As adults we all like to be given choices.
Imagine the following scenario –
You get up in the morning and are running late and don’t have a lot of time to get ready. You are told what to do… what to wear, what and when to eat, to hurry up and not waste time…
Let’s say the dialogue goes like this:
“We are running late and it will be your fault if you are late for school. So I want you to go and have a quick shower now and don’t waste time and make sure you wash properly, remember your face. You can’t have breakfast until you do that so hurry up. No negotiation, you must be washed and dressed. But not until then!
There are left over sardines from the other day and some bread so that will do you for breakfast, too bad if you don’t like it. This isn’t a restaurant you know. And I want you to eat everything on your plate, or else!

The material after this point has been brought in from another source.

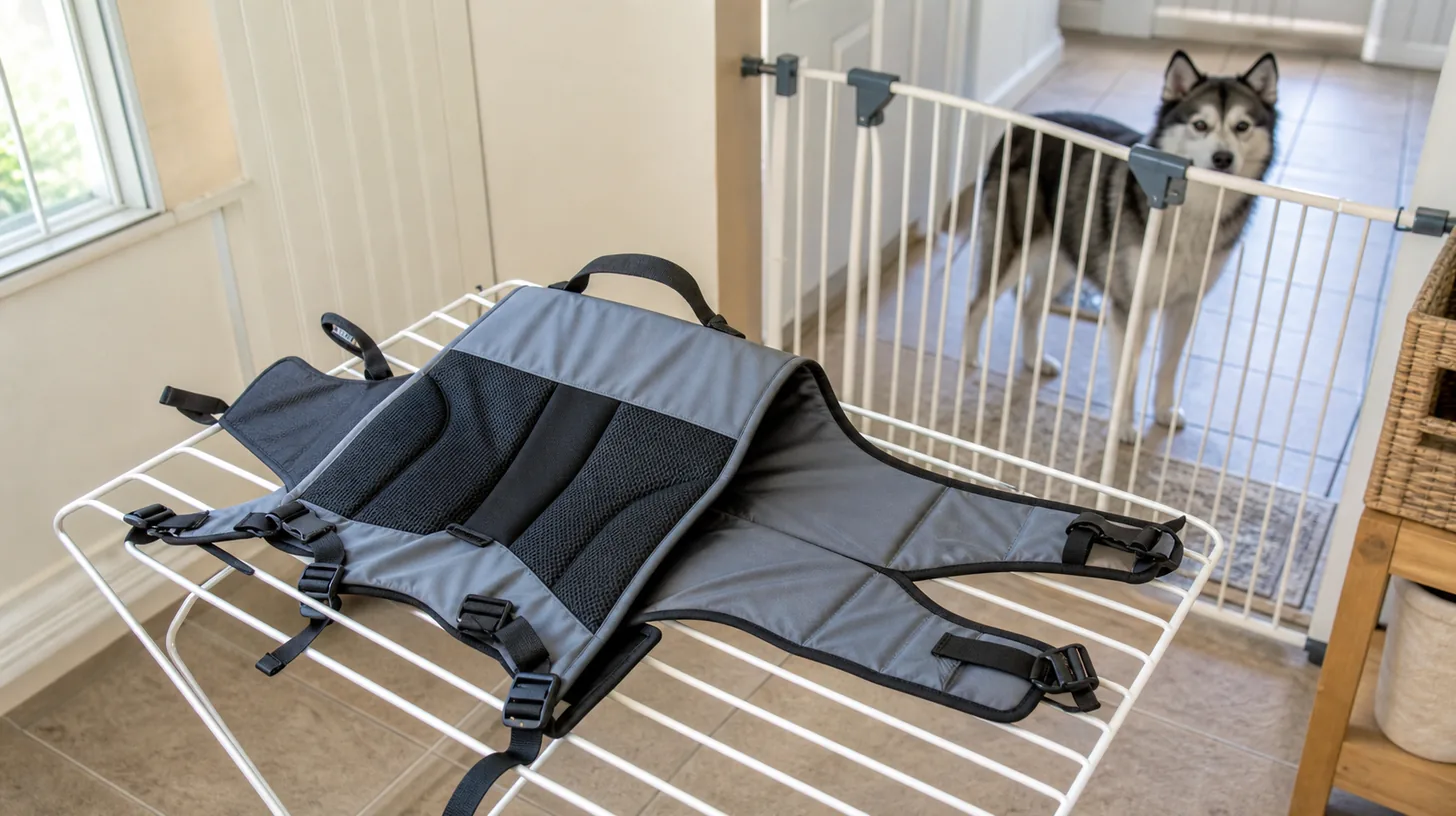 A dog life jacket dries open with straps and buckles visible while a Pomsky waits behind a gate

We’re running late so get that into you quickly then load the dishwasher and wipe the benches. Make sure you hang the towel up too. Then hurry up and go make your bed, we’ve got 3 minutes to be out the door.”

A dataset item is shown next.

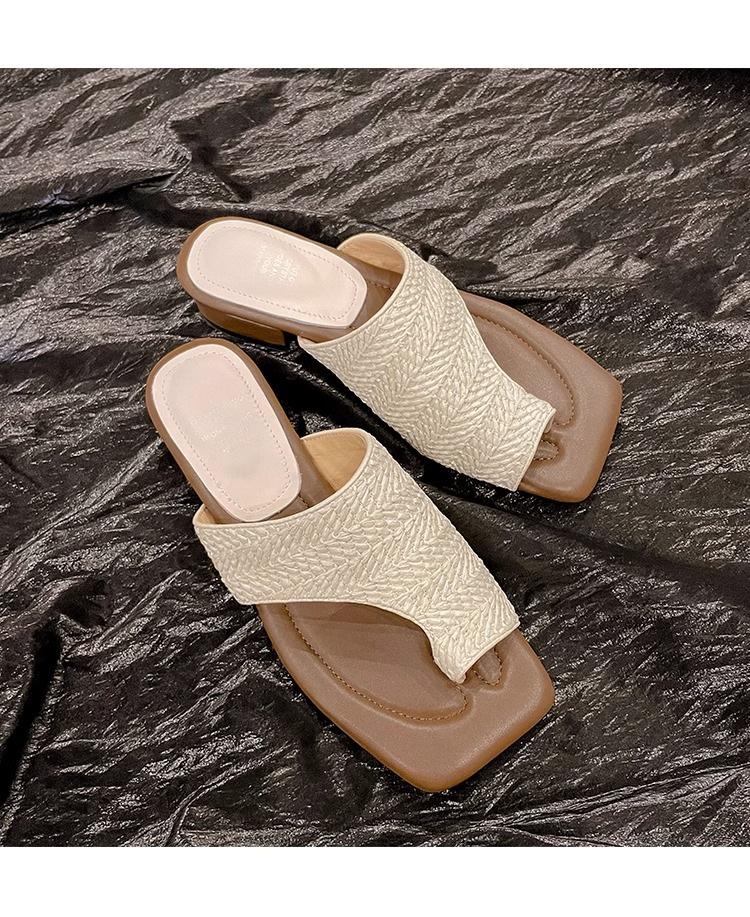 

[Fanfuna] Niche design beautiful vacation toe cool slippers 2025 summer retro straw woven outside half drag 40 бежевый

Now let’s be honest who would respond to that positively, regardless of who it was doing the ordering around. How many of us would follow that happily and willingly with absolutely ‘no’ choices!
No one likes to be told ‘what to do’ and not be given choices. We wouldn’t talk to another adult like that (and if you did they would surely revolt!). So why would we speak to our children like that. By not giving choices you are going to be flat out gaining cooperation of any sort. Now imagine trying to gain your child’s cooperation in the above scenario. Good luck!
What about if we changed the dialogue just a bit.
You get up in the morning and say to your child:
“Good morning love. Today we have to work together to get ready quickly cause Mum has slept in and I want to help you to get to school on time but we only have a while to get ready. We all need to wash, have breakfast, make our beds and tidy the dishes. If we work together we should be able to do this and be on time.
Now, would you like to have a quick wash first or come and have breakfast? We don’t have a lot of time for a big breakfast so how does fruit and yoghurt sound or maybe cheese and tomato on toast.
How about we split the chores to make it faster? Would you rather do the beds or tidy the kitchen? If we all get going and work together we will make it on time to school.”
You may be thinking, “Lillian you are crazy. My kids wouldn’t do anything or hurry up at all if I gave them choices like that.”
My answer to you is to just try it. It might take a few goes for the children to understand they are being given choices. They’ll work out that if they cooperate it will work out better for them. Believe me they WILL get it!
I remember thinking that when Frank (we talked about him in ‘The Revolting Child’ book) suggested we let Caleb make choices about things we had tried in the past to ‘control’ I was a bit unsure. He said initially things may get worse. But he assured us that when Caleb saw that we were giving him some respect and treating him the way that we would like to be treated that he would start making better choices (without being asked or told!). And he did!
Remember we all like to be given choices.
Imagine getting dressed up to go out for dinner to a nice restaurant. You are seated and given the menu to ponder your choices. The waiter arrives with his order pad and pen poised. You select your meal choice and give the waiter your order. The waiter responds and says, “No you can’t have that. It’s only bangers and mash tonight and if you don’t like that too bad!”
This doesn’t mean you give your children a menu each night and say, “Take your choice. I’ll have your meal prepared soon.”
It could mean that you could do some compromise and have some choices even if only small ones. This way the children will at least feel like they are contributing to the choices. By asking for their opinion, even if it is just between one veggie and another, you are more likely to gain co operation.
This rule applies to most situations and you can actually word it to your benefit. For example, “Would you like to go out to the park after you’ve picked up your toys or would you rather stay home?” If they say they would rather go to the park, they have done so on the proviso of first picking up their toys. So you could follow up with, “Great, sounds like fun. As soon as you’ve picked up your toys we can get going.”
If they choose NOT to pick up their toys that’s okay, but they means they choose to stay home.
Please be sure to follow through if you do give your child choices. Otherwise your child will be confused about your ‘real intention’. Also be sure to offer choices that are viable, practical and sensible.